But just as important as the designs of the new rockets are the regulatory and policy atmospheres in which they operate. That climate, some in Europe are saying, is what is really wrong with American space launch at the dawn of the 21st century.
One critic of U.S. space launch policy, Adjunct Professor of Law Peter van Fenema of McGill University, put his blast at the U.S. into a book and lectures both here and abroad.
It's stirred up quite a buzz in the rocket community. And what "buzz-words" would van Fenema use to describe the state of the U.S. launch industry?
"The current U.S. commercial space policy? Unpredictable, ambivalent, parochial, protectionist, paranoid and xenophobic!" he said from his office at Leiden University in the Netherlands where he teaches at the Institute of Air and Space Law there.
"I guess those harsh qualifications need some explaining," he quipped.

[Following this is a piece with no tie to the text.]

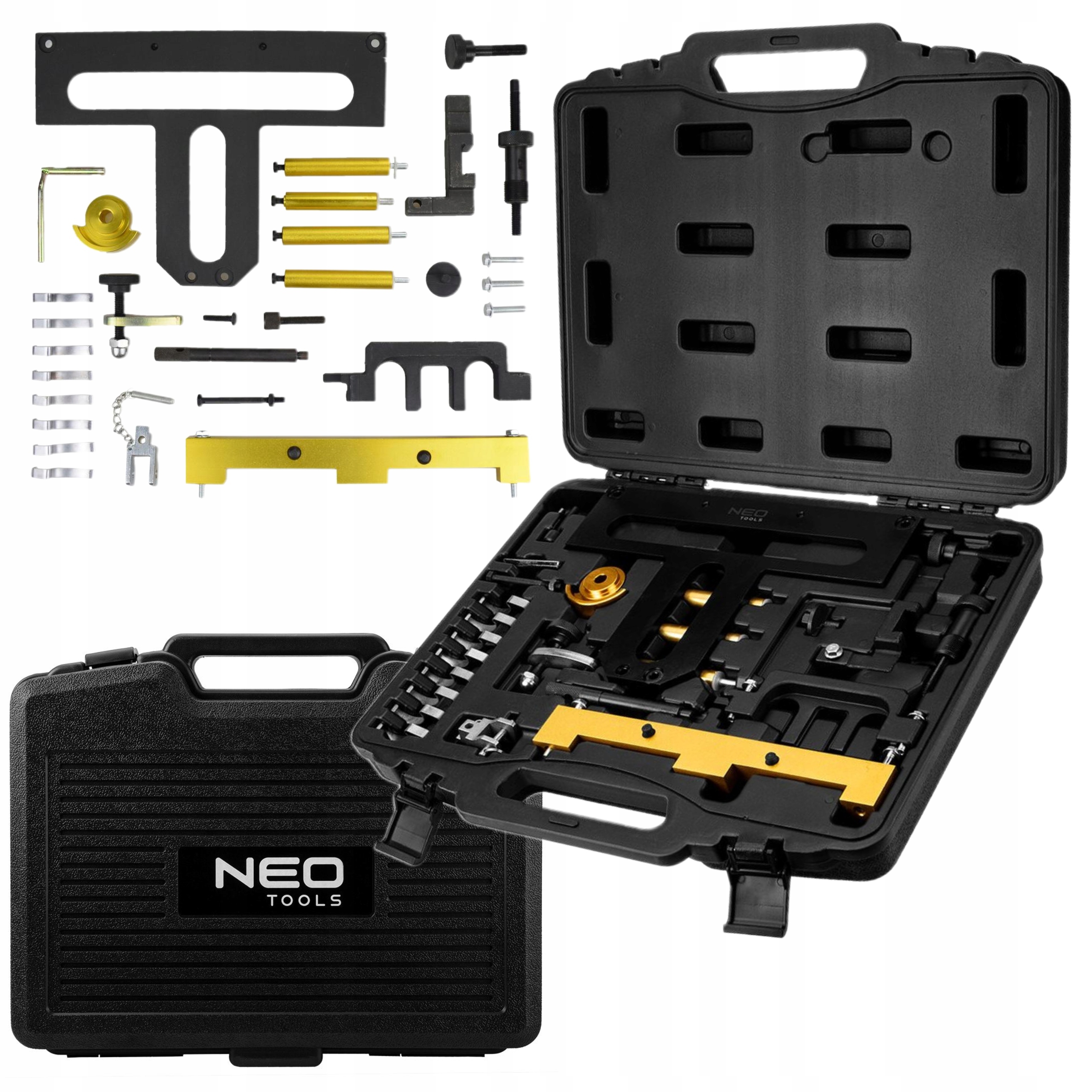 Neo Tools Sada Na Zablokovanie Rozvodov Pre Benzínové Motory Bmw 11-313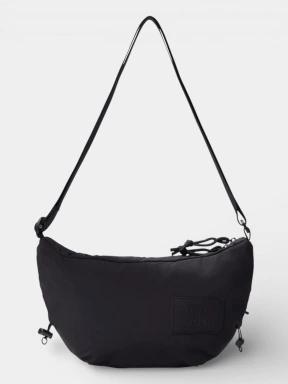 The North Face W Never Stop Crossbody oldaltáska fekete színben 1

Van Fenema doesn't believe that U.S. rocketmakers compete unfairly. "But they operate in a regulatory environment which gives them a number of advantages unavailable to their competitors abroad," he suggests.
That environment plays on what he called legitimate concerns about U.S. national security to foster what amounts to protection of American launchers in their competition for customers.
Van Fenema points to the recent congressional uproar over Chinese space-launch technology transfer as one such issue. "The conditions which China has to meet to earn the right to launch a U.S.-built satellite are mainly trade-related," van Fenema says. "This strongly suggests [the law] has been used as a means to protect U.S. jobs, improve the balance of trade and open up the Chinese market for U.S. [rocket] industry in general," he added.
Seeing America as using national security concerns to cloak protectionist tendencies isn't just the Chinese view of the U.S., van Fenema says. "Most U.S. allies conclude this effectively neutralizes the Chinese launch industry as a competitor of the U.S. companies, but also discourages the use of any foreign launch-service provider for the launch of U.S.-built satellites."
His review of recent changes in U.S. satellite export regulations -- amendments to the International Traffic in Arms Regulations (ITAR) -- hints at a superpower that "apparently feels surrounded by 'rogue countries' which are out to steal U.S. jobs and U.S. satellite and launch secrets," van Fenema claims.
The result? "All non-U.S. launch companies and their U.S. and non-U.S. clients, including insurance companies, have experienced serious delays and uncertainties," whenever dealing with U.S. satellites or components. Those tighter regulations and restrictions are virtually choking U.S. commercial space, van Fenema suggests, in the reverse effect of what was intended.
And while recent congressional action has been taken to lessen the effects of last year's reaction to the export issue, he suggests that the reasons are frivolous. Such changes "only serve to reinforce the impression that both Congress and the Clinton administration overreacted in the first place and that a mere change in mood or second thoughts may lead to a change in export policy -- and thus launch policy."
The Clinton space-launch policy of 1996 confirmed that U.S. law was aimed at "free and fair trade in commercial launch services," as a goal of the U.S.
If that is really true, van Fenema says, then the U.S. should terminate launch quotas and price controls now imposed on Chinese, Russian and Ukrainian rocketmakers through bilateral trade agreements. The three sets of agreements that govern what U.S.-made space hardware can be launched on these foreign boosters begin to expire this December.
So how could change make for a more even playing field?
"The U.S. would be a better partner with Europe [in space launch] if it could be less paranoid about the national security risks of talking with Europe about common safety and reliability concerns," he suggests. After all, van Fenema recalls, space launch "is an unsafe, risky activity." Customers insist on reliable, flexible and affordable launch services.
The price for a boost to space won't likely drop substantially until space tourism begins to flourish, van Fenema believes. "All of the above argues for more cooperation and more competition in the field of international launch services," he said.
That translates into sharing of safety-related data, development of safe and reliable engines for rockets and a more open, competitive policy environment. That will require the U.S. to distinguish between real security issues and free and fair trade principles.
All aimed to "please the customers" for launching services. "Sounds as American as apple pie," said van Fenema.